The post from Tier Instinct called
Father of Evolution turns in his grave got me thinking and I've decided to present to all of you something I'm very proud about;
Quick repliers, please read fully before posting to reduce misunderstanding. This is why I am a supporter of this great religion. This may seem as an essay but I can't post it anywhere else. Dear Moderators, I ask that you don't mind me if it appears that I am trying to post in the wrong area. Should you cancel this post, I understand your reasons and willfully adhere to your judgements in kind respects. Thank you.When I was about four or five years old give or take, I tried believing in God with the strong suggestive support by my family.

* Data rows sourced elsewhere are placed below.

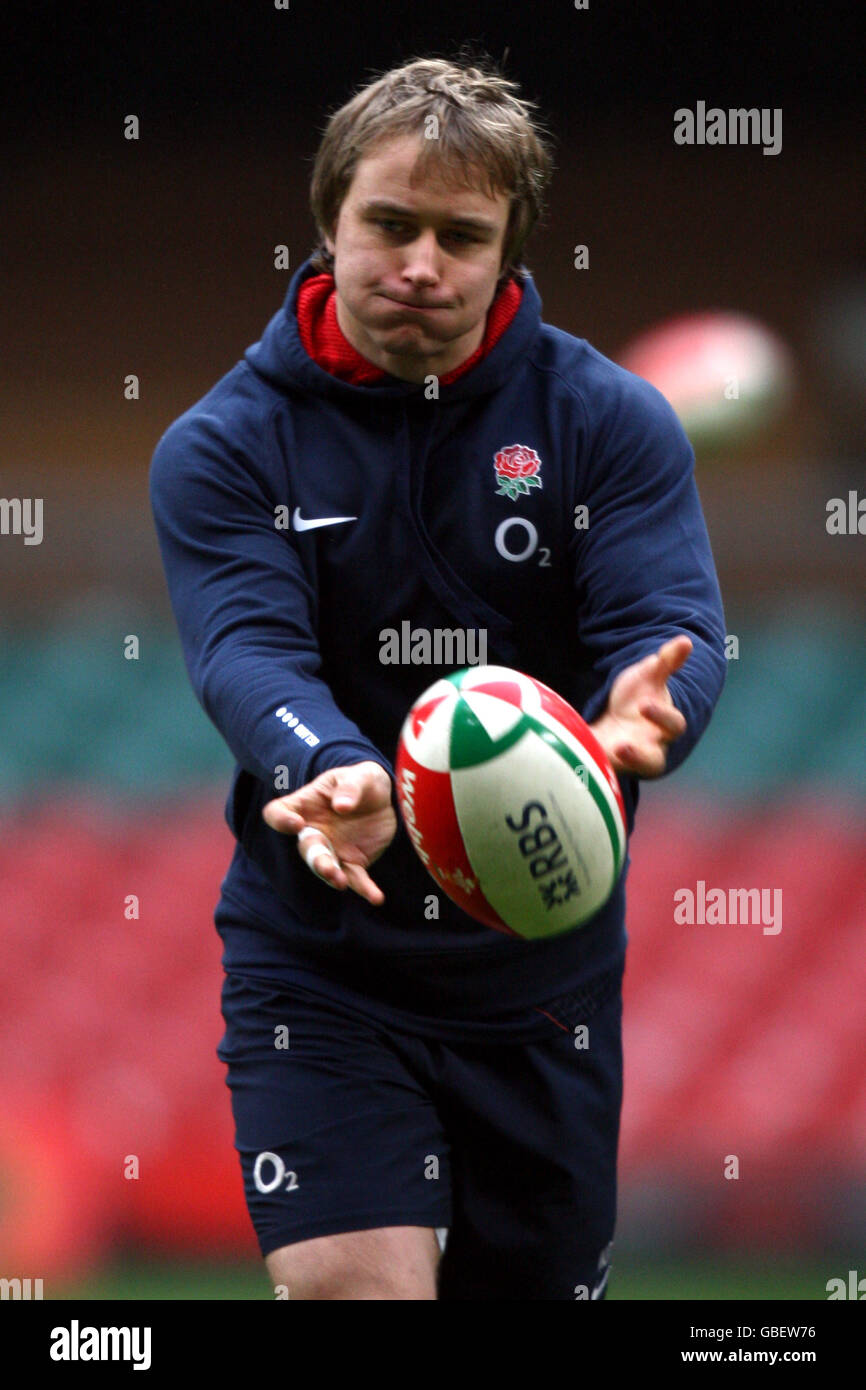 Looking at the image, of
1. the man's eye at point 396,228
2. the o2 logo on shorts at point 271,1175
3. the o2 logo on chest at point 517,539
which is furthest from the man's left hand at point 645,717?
the o2 logo on shorts at point 271,1175

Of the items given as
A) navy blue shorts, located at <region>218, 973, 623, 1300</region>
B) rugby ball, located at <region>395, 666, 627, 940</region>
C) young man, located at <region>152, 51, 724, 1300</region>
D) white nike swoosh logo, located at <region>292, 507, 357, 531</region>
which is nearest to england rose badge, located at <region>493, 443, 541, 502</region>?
young man, located at <region>152, 51, 724, 1300</region>

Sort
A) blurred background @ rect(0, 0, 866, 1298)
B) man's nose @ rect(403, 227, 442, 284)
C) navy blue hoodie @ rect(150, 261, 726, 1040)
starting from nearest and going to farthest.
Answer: man's nose @ rect(403, 227, 442, 284) < navy blue hoodie @ rect(150, 261, 726, 1040) < blurred background @ rect(0, 0, 866, 1298)

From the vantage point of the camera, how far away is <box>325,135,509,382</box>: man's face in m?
2.96

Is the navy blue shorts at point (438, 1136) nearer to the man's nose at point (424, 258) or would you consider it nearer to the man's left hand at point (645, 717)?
the man's left hand at point (645, 717)

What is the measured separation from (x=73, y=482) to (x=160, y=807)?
89.5 inches

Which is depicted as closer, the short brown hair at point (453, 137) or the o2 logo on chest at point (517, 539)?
the short brown hair at point (453, 137)

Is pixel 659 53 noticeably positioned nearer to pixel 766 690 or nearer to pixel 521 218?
pixel 766 690

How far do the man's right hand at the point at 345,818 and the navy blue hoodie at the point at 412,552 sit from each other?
419mm

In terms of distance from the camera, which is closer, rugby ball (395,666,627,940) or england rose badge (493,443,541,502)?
rugby ball (395,666,627,940)

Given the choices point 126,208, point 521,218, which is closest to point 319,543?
point 521,218

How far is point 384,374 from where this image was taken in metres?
3.16

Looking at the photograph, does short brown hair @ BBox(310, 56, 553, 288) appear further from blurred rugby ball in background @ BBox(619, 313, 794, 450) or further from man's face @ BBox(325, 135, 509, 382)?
blurred rugby ball in background @ BBox(619, 313, 794, 450)

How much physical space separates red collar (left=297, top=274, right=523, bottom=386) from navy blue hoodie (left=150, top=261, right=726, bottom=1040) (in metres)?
0.02

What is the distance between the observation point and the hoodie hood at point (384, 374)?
10.3 ft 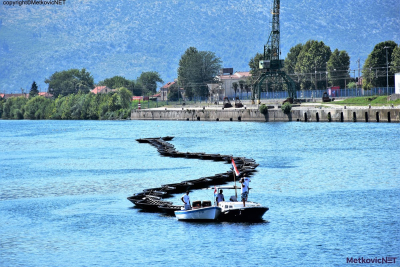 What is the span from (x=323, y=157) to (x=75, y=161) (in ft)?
117

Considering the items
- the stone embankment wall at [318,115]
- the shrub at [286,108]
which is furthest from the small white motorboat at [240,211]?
the shrub at [286,108]

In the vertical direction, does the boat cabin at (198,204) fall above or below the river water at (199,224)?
above

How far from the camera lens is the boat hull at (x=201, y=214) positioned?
49.7 metres

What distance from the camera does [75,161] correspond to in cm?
9981

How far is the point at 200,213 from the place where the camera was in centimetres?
5006

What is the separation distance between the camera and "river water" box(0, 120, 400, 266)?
42.9 meters

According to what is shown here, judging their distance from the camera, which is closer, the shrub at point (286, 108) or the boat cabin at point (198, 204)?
the boat cabin at point (198, 204)

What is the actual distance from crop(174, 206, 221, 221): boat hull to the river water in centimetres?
79

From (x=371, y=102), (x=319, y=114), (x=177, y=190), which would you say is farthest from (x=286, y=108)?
(x=177, y=190)

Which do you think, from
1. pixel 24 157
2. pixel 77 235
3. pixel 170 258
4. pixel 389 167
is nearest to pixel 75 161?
pixel 24 157

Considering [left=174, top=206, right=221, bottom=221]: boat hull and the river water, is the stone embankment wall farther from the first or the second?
[left=174, top=206, right=221, bottom=221]: boat hull

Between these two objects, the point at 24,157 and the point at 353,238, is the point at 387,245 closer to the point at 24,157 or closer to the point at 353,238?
the point at 353,238

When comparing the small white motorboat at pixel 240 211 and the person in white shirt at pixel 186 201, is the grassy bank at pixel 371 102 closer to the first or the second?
the small white motorboat at pixel 240 211

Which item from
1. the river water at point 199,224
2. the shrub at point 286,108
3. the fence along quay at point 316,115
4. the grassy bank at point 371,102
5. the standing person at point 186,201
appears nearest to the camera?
the river water at point 199,224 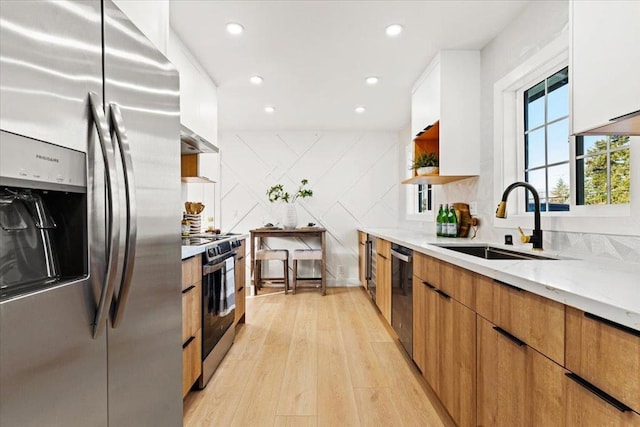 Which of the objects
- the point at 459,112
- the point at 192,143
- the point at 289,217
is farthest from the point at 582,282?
the point at 289,217

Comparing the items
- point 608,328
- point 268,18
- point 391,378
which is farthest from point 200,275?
point 608,328

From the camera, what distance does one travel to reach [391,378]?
2283mm

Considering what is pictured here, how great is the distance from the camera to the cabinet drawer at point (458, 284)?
1.48 m

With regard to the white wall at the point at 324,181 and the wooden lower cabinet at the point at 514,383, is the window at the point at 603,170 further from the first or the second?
the white wall at the point at 324,181

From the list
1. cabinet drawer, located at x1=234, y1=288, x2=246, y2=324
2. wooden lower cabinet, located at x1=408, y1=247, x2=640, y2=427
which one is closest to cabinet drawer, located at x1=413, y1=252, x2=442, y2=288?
wooden lower cabinet, located at x1=408, y1=247, x2=640, y2=427

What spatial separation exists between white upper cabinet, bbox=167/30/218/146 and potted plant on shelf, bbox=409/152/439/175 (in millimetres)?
1890

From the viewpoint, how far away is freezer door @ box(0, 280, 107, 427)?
59 centimetres

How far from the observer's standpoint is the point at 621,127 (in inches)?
46.4

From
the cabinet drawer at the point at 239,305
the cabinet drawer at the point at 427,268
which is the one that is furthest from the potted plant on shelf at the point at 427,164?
the cabinet drawer at the point at 239,305

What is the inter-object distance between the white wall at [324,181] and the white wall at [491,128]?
2146 mm

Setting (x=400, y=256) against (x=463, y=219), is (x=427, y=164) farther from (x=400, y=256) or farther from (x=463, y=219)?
(x=400, y=256)

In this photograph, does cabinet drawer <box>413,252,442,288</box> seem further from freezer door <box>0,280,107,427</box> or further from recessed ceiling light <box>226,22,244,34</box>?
recessed ceiling light <box>226,22,244,34</box>

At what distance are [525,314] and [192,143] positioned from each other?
2.59 meters

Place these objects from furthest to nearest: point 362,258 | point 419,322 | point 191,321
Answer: point 362,258
point 419,322
point 191,321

I tried to study and practice for almost 15 years on and off. I studied the bible, went to church, to worship services and heard the man talk his ass off. The only difference was I went to hang out and not worship nor sing while the whole church did so in unison. I just couldn't deal with it.
The one thing I realized is that everybody believes and hears him and even went so far as to claim they have "seen" him.
My grandmother said she saw him... She can't comprehend the very basics of science.
I cut her some slack because she's really old. At least she isn't judgemental on that subject. Anyway, throughout those 15 years of my life I have not once heard or even seen him.
It was hard enough to believe in him because I always felt at odds with myself and at the time I didn't know why.
I always felt that there was something missing in the general term of religion.
Everybody believed but I saw no sense in any of it because I never ecountered anything spiritual.
My excuse to attempt an impossible feat of believing in a "higher power" is because of one question.
"Who wouldn't want to kiss the ass of someone who has the power to kill you and they demand worship?"
Remember pragmatism survival? I'm glad it came natural to me.
My point is, I would only do it to stay alive.
I had no proof to claim he exists or not and I didn't have the resources to clarify Christianity's credibility at that time.
I felt that my parents were the only people I could trust and who wouldn't lie to me.
If they said "God exists" then I trusted that he did based on their claim.
Children are usually gullible because they are ignorant and sometimes they are raised in fantasy to keep their youth until they grow and acquire wisdom.
This is why Christians aim at children to keep their religion and then they preach to the elderly to keep the herd within control.
My parents were somewhat into Christianity but they wanted to do their own thing also. That is where I found the hypocrisy.
They wanted to do what they pleased; be bikers, drink and party while being naked and just be all out nudists.
They found more of their kind who believe in God but still did what they pleased.
I saw pictures of my mom schooling a male stripper and made him embarrassed. It was a good thing she was dressed in those pictures or I would be sick.Ever since I was around that age, I always wanted to do things my way.
Even when I was trying out Christianity, I couldn't be that way.
My feelings disagreed with it, I felt like I was imprisoned and choked.
So it wasn't until I found the Satanic Bible that I realized what I've always been.
I fell alseep in my christian academy chapel every time because of the long sitting, reading that damn book, and hearing that preacher just talk without any excitement. 
That is my evidence that gives me a right to declare myself as a Satanist.
I feel so great when I look in the bathroom mirror and know that I am a supporter of Satanism and eventually an official COS member. I wish that whenever the opportunity comes, I would
earn my membership by taking my current responsibilities first until I get the extra money to get it.